_Images for object localization_:
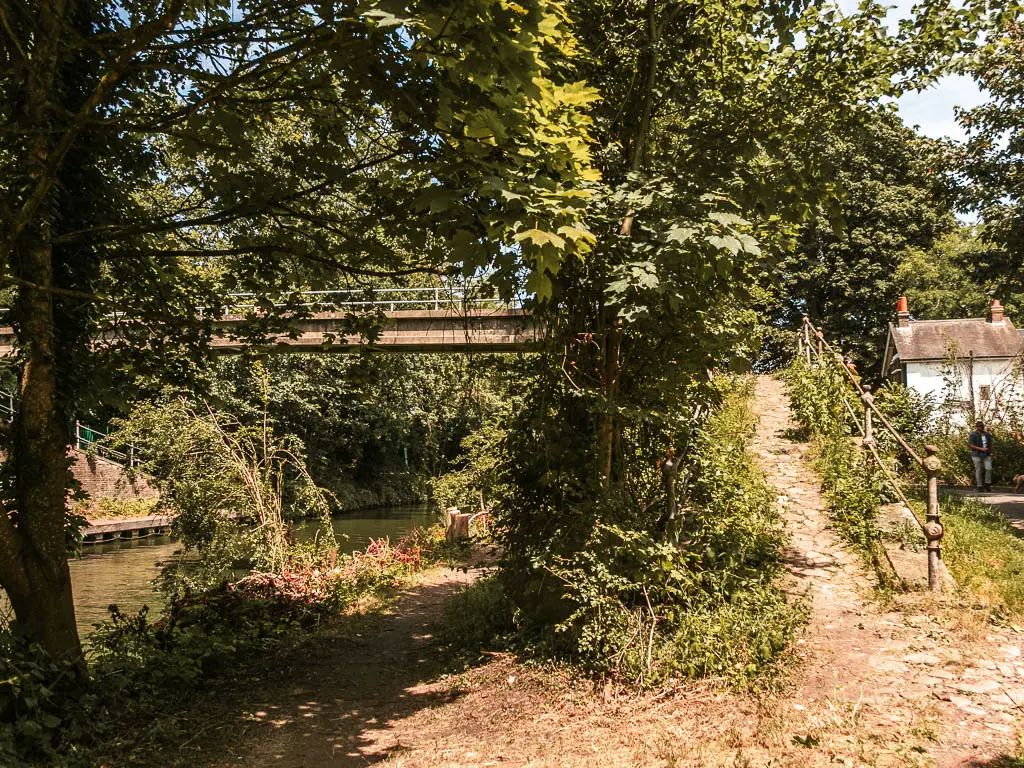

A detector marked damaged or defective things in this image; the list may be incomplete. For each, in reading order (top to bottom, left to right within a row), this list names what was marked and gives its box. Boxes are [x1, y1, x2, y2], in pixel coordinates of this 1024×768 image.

rusty metal railing [794, 315, 946, 593]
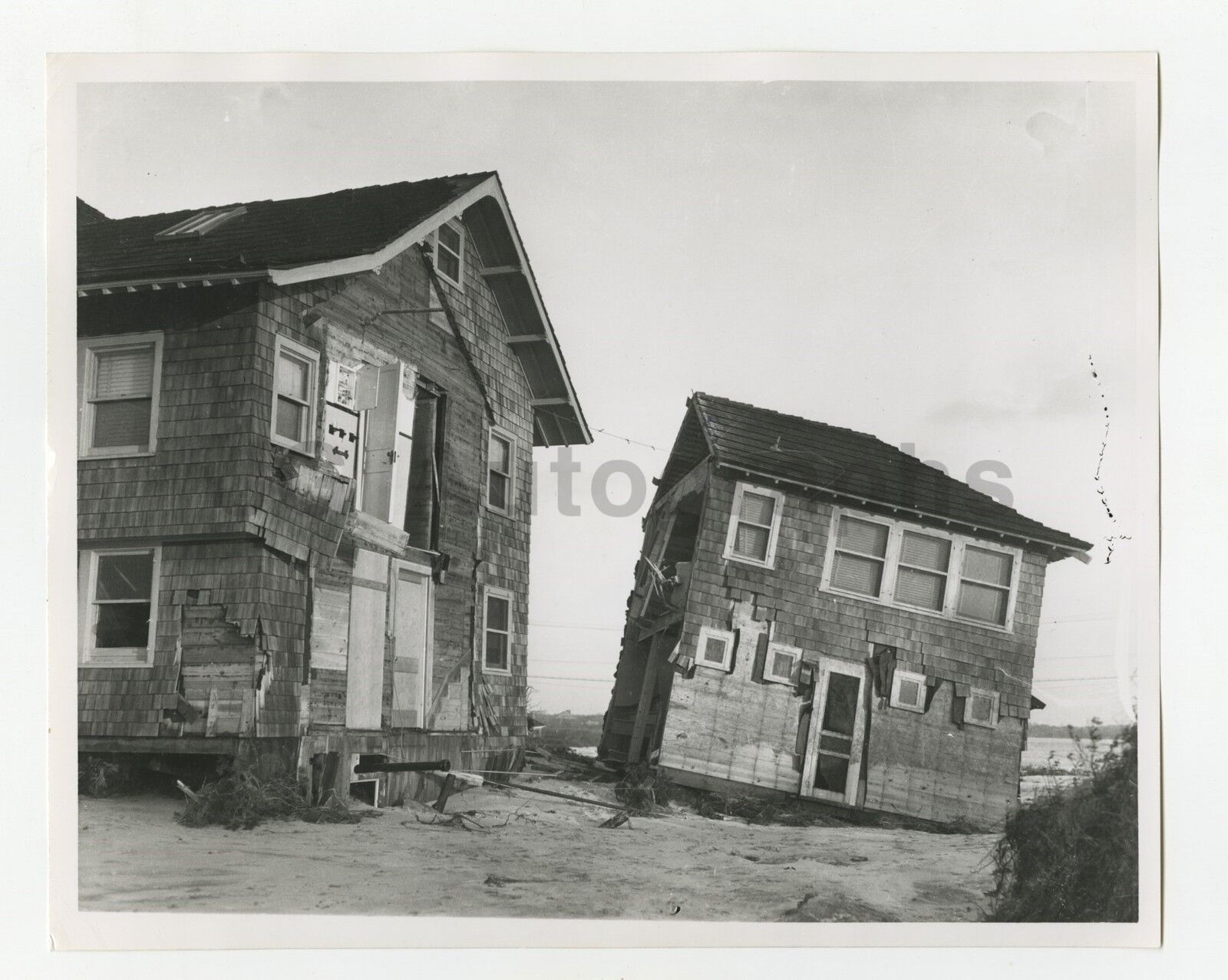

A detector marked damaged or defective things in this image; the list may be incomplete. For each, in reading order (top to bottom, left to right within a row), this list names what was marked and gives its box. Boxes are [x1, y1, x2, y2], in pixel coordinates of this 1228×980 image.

damaged wooden house [77, 175, 589, 804]
broken door [393, 559, 436, 731]
broken door [798, 660, 866, 804]
damaged wooden house [599, 391, 1087, 829]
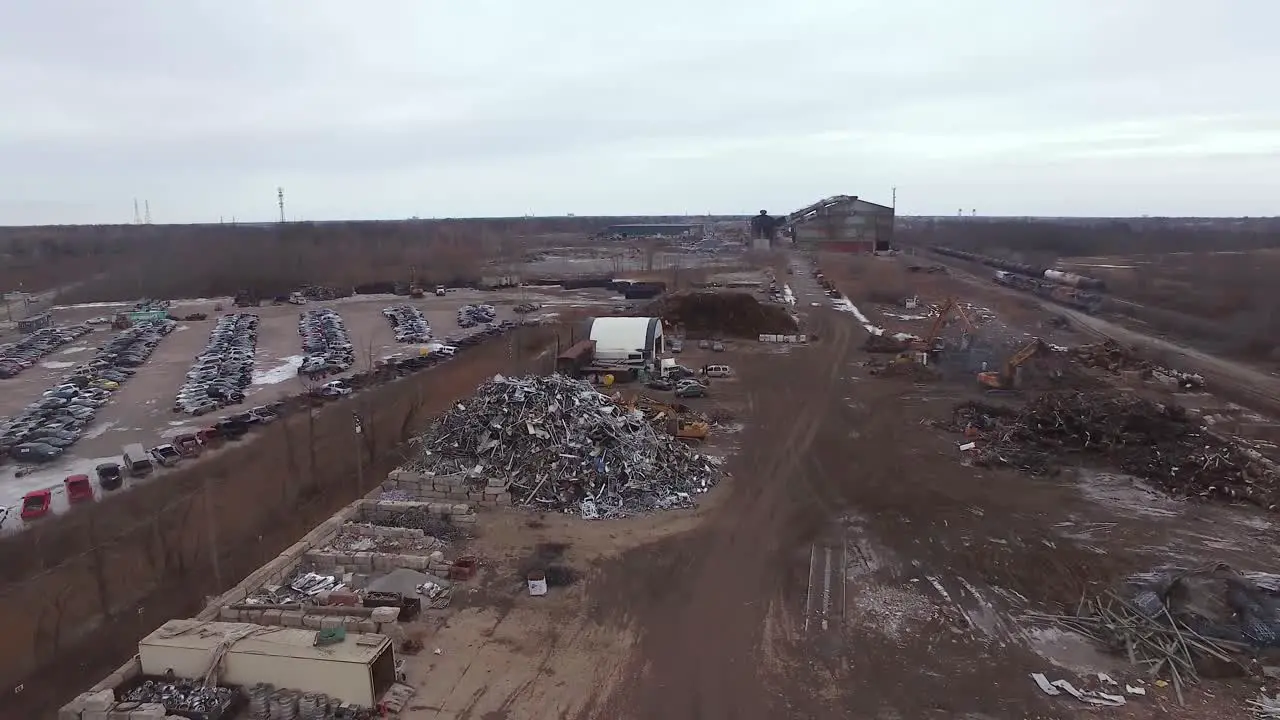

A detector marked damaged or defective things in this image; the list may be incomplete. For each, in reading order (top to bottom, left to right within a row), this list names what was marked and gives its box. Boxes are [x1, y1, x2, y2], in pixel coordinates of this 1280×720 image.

pile of rusted metal [645, 289, 793, 338]
pile of rusted metal [401, 368, 721, 515]
pile of rusted metal [947, 392, 1274, 504]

_Required action_: With the line containing "this 1280×720 image." as the first and the last line of the records as the final one, print exactly the lines in that span.

_Solution_:
A detector marked damaged or defective things in this image; the list may be incomplete. For each, in reading order (top to bottom, left to right within a row), this list names what was marked and gives its box. Boxes are [x1, y1, x2, y2], in pixel coordinates of this 1280×720 image.

pile of rusted metal [645, 289, 793, 338]
pile of rusted metal [401, 368, 721, 515]
pile of rusted metal [947, 392, 1274, 504]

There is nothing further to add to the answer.